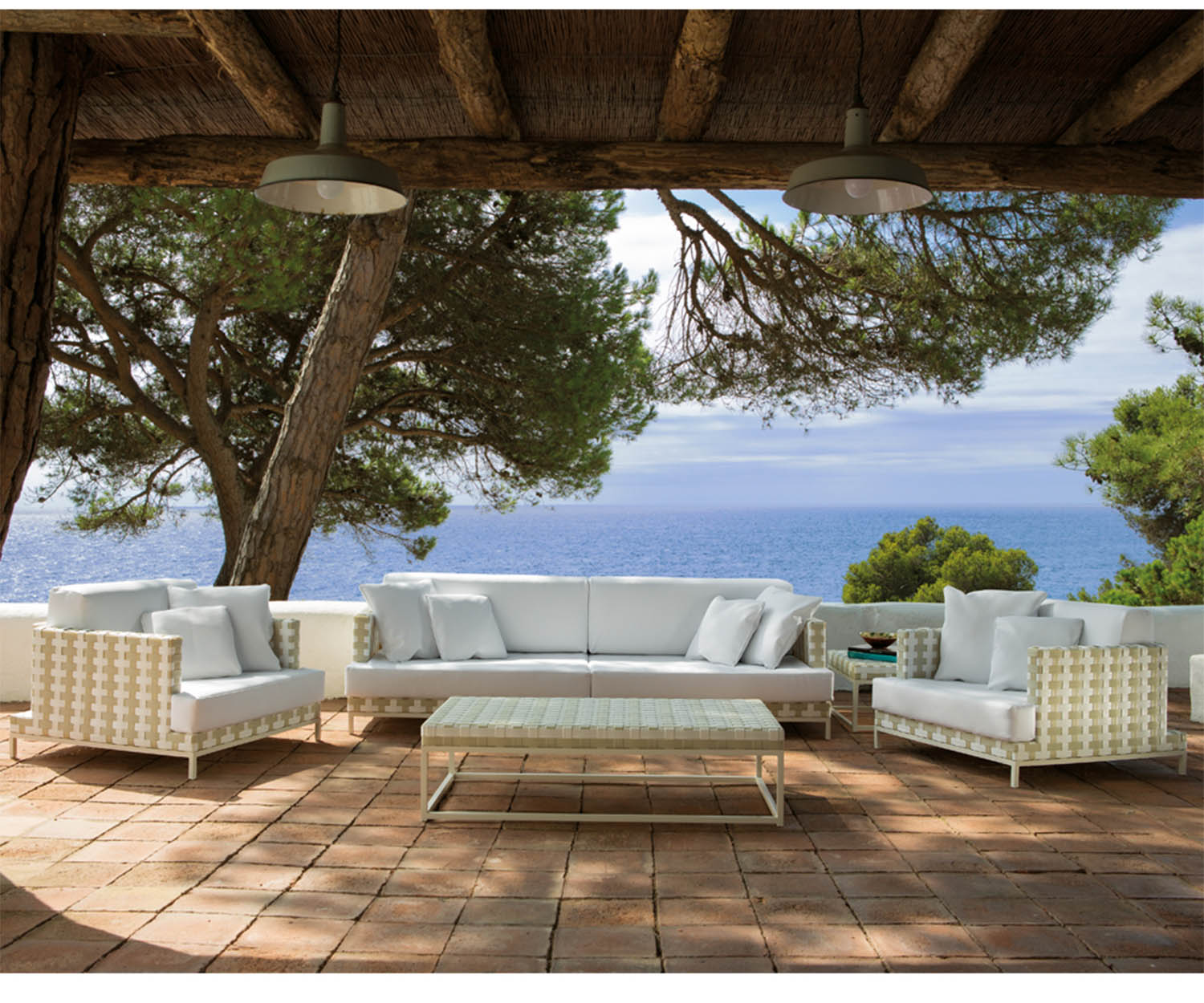 Point 1920, Caleta 2-Seater Sofa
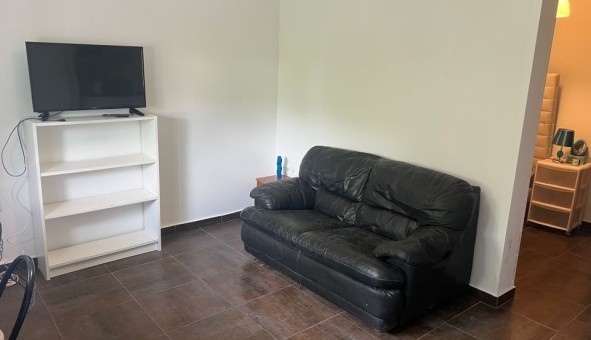 Logement �tudiant Studio &agrave; Montmorency (95160)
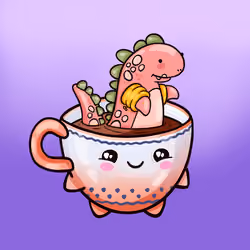 Loopy Cup #9804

:: Exercise requirements ::
Every line above must be printed again exactly, pictures excluded.

:: Response ::
 Point 1920, Caleta 2-Seater Sofa
 Logement �tudiant Studio &agrave; Montmorency (95160)
 Loopy Cup #9804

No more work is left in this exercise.